Raspberry Cliché


Last night Hollywood held its most rigidly predictable exercise in conventional wisdom: the Golden Raspberry Awards, a.k.a. the Razzies, established to honor the worst films of the year. Sandra Bullock showed up to collect her Worst Actress and Worst Screen Couple prizes for All About Steve, then razzed the crowd for not bothering to watch her movie before voting on it:

Bullock then questioned the other award she "won" earlier Saturday evening—for "worst couple."

"If you had seen the film, seen it, with your eyes, it's pretty much a film about a woman stalking a man," she said. "That doesn't really set up the premise for a loving couple. So to give us the worst couple award is kind of a 'duh.'"

Good for Bullock. While I haven't seen All About Steve either, I did sit through the trailer, and on that basis I'm willing to believe that it's as terrible as everyone says. But does anyone doubt that it collected its awards because it was a flop with a bad reputation, and not because a majority of the voters actually saw and disliked it themselves?

The Razzies are prizes for the sort of people who really think Ishtar is one of the worst movies ever made, as opposed to an uneven but not particularly lousy comedy that got a lot of bad press because the director went over budget. Sure enough, Ishtar's Elaine May—a genuinely talented filmmaker—took the Worst Director prize for 1987, managing to beat the auteurs behind Jaws: The Revenge and Leonard: Part 6. As with All About Steve, it's an open question how many of the voters bothered to watch the movie before casting their ballots. Another effort infamous for going over budget, Michael Cimino's Heaven's Gate, earned a Worst Director Razzie for 1981, though the Worst Picture prize that year went to the camp classic Mommie Dearest. (I'd rather watch either of those than several Oscar winners.) If the over-budget Titanic had failed to make back its expenses, you can be sure it would have been up for a Razzie. Instead it was a hit and won a Best Picture Oscar, and no one involved with it—not even Celine Dion—got a single Razzie nomination.

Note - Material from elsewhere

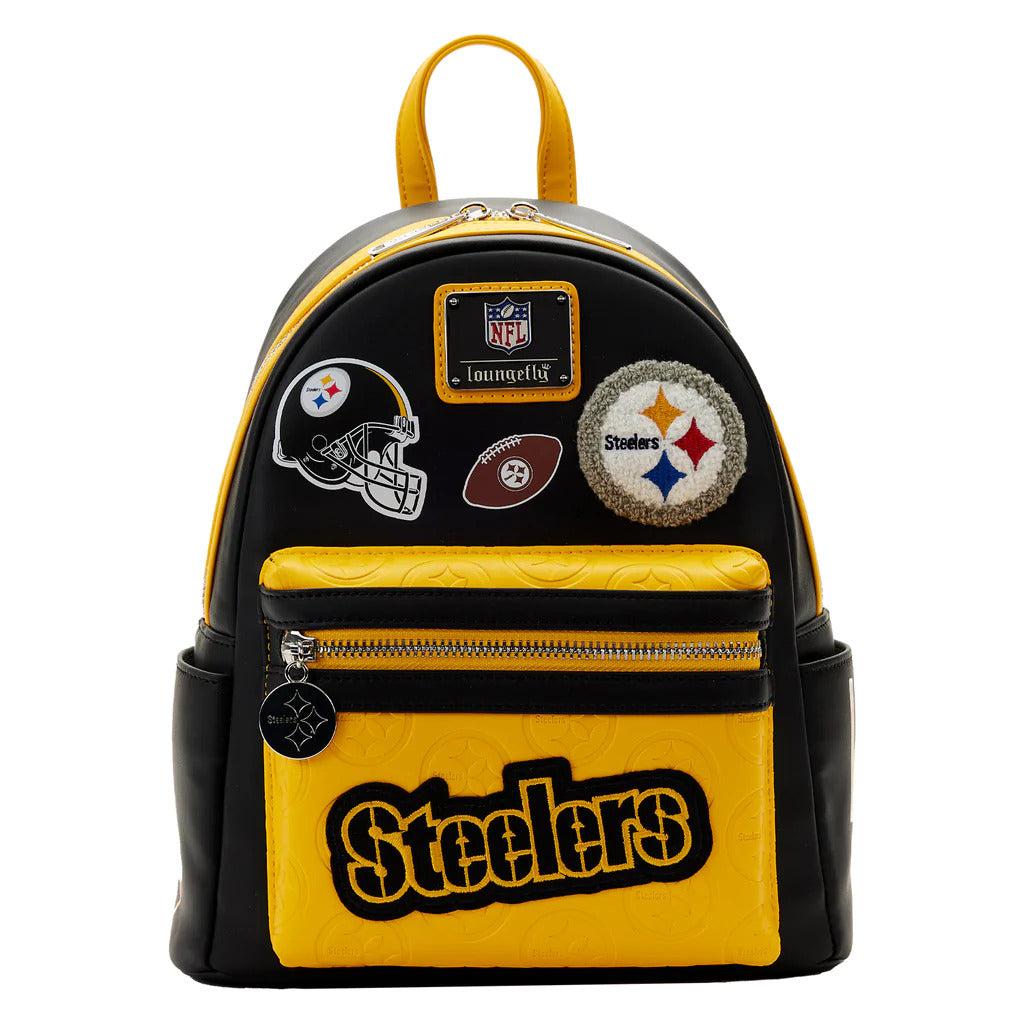 Loungefly NFL Pittsburgh Steelers Patches Mini Backpack | Officially Licensed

The Razzies' boosters sometimes seem to be not just aware but proud of the conformity at the heart of the ceremony. When a commenter on the awards' website complained that he was "sure there were worse movies than some of the bad ones they chose," he earned a quick retort: "There may have been worse, but were they NOTORIOUS enough? Infamy is the name of the game and that is usually what determines if a film goes home with a basket of Razzies." The forum's moderator endorsed this as "a fine and stirring defense," though in a sane world it would be seen as a critique. (Incidentally, if there were a Golden Raspberry Award for worst Web design, the Razzies would have to be frontrunners. Their site combines the sleek look of a GeoCities page circa 1996 with the navigational ease of a Mumbai shantytown.)

Look: Even Avatar's defenders will usually concede that the movie's dialogue left a lot to be desired. You'd think it would get at least a nomination for Worst Screenplay. Instead the Shadow Academy went for a bunch of easy targets, with the prize eventually going to Transformers 2 (or Trannies, Too, as the Razzmeisters have witlessly dubbed it). Transformers took Worst Picture too. I suppose you should give the voters credit for being willing to knock a film that was a financial success. In Razzie circles, that's what passes for bravery.